Теперь, когда возвратились силы, Варенька вновь решила идти от райкома по квартирам, помогать другим. Чижик куда-то запропастилась, впечатление, что даже обиделась на что-то. К стыду, о Чижике Варенька за последними событиями забыла. Сразу собралась к ней, прихватила хлеба и сала. Как-то Чижик?
Дверь в квартиру открыла какая-то тень и тут же рас-стаяла. Ох, такой тут запах! Варенька самостоятельно добралась по темному коридору, толкнула дверь. Чижик висела на крюке от люстры, на бельевой веревке, язык у нее свисал, цветной. Вареньку захолонуло: нет-нет-нет. Метнулась ближе. Заплакала. И Натальи Олеговны нет. Умерла? Как же так? Чижика не будет. Ее уже нет!

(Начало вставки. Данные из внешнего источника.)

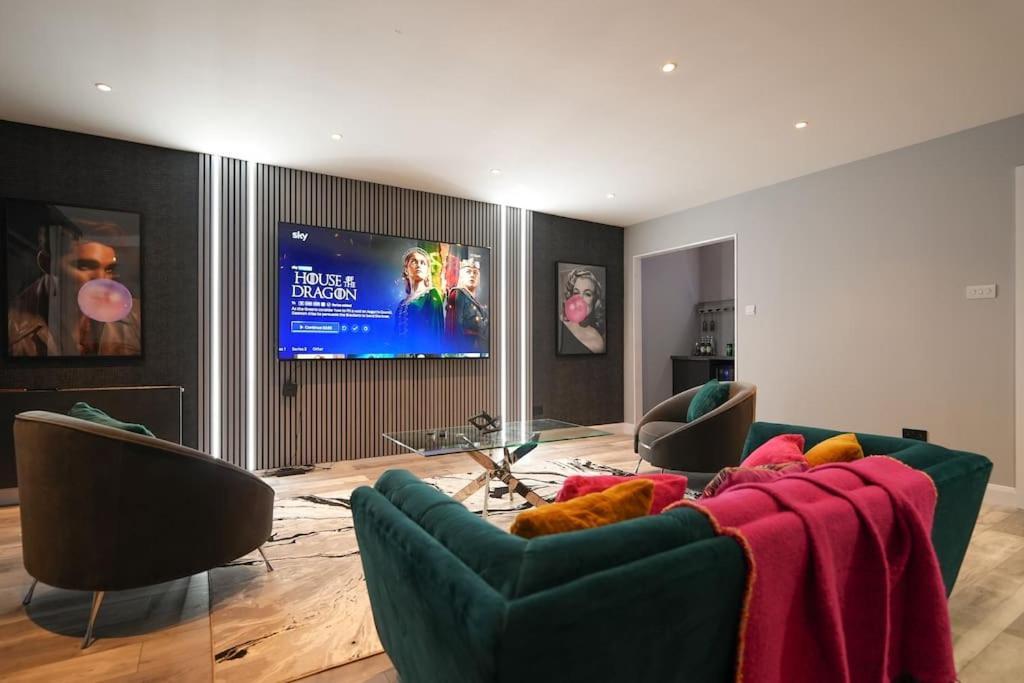 Luxurious Penthouse With Bar At Hydro & Secc Apartment *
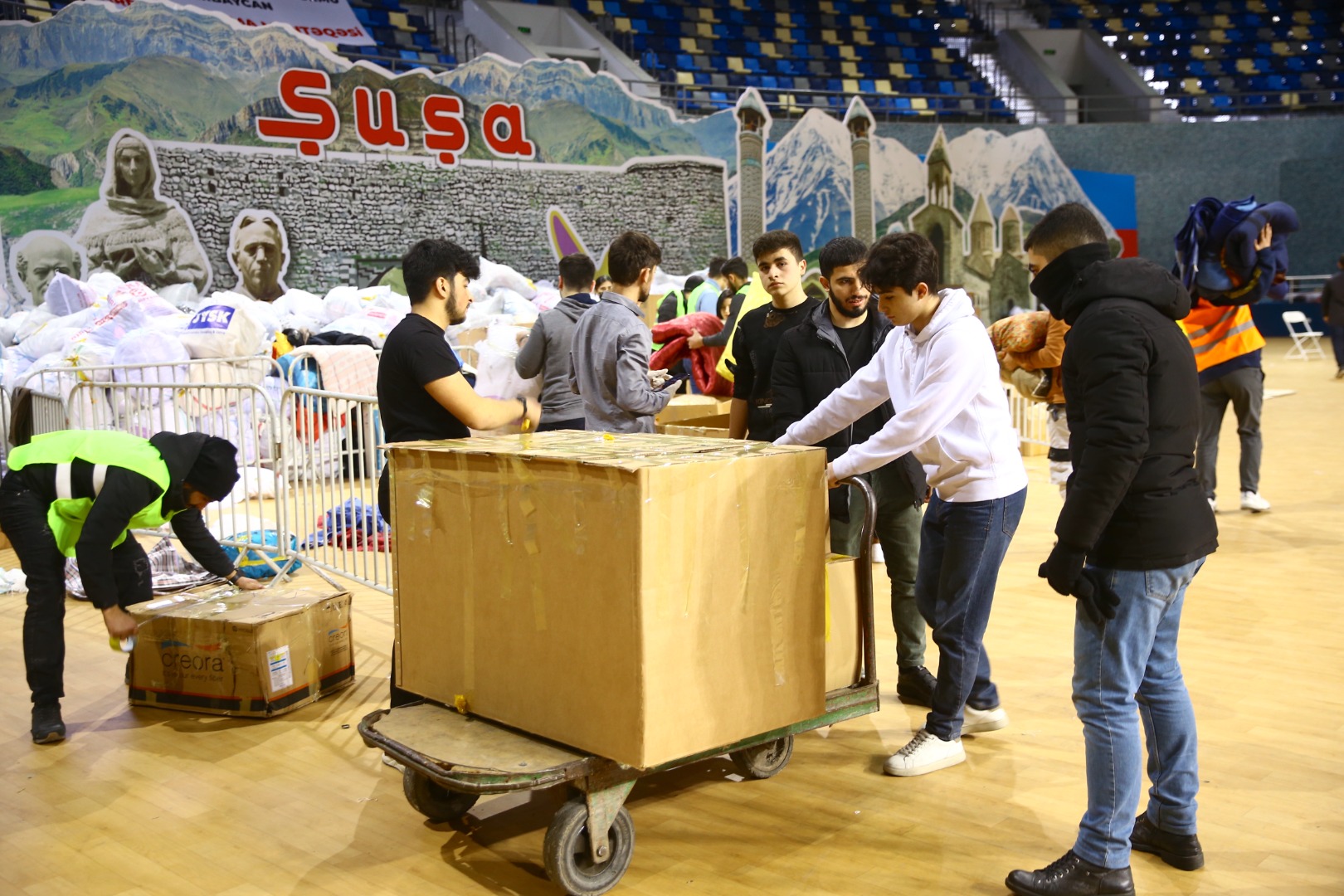 Azerbaycan Türkiye'ye 1541 ton insani yardım gönderdi 3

Одной не снять из петли, нужна подмога. Как же не придти раньше, не принести хлеба подруге? Варенька припомнила, что заходила однажды после последней уже встречи, Чижика не было, а Наталья Олеговна так погнала, что Варя будто бы воровать пришла, что ноги сами этот квартал обходили, вот почему.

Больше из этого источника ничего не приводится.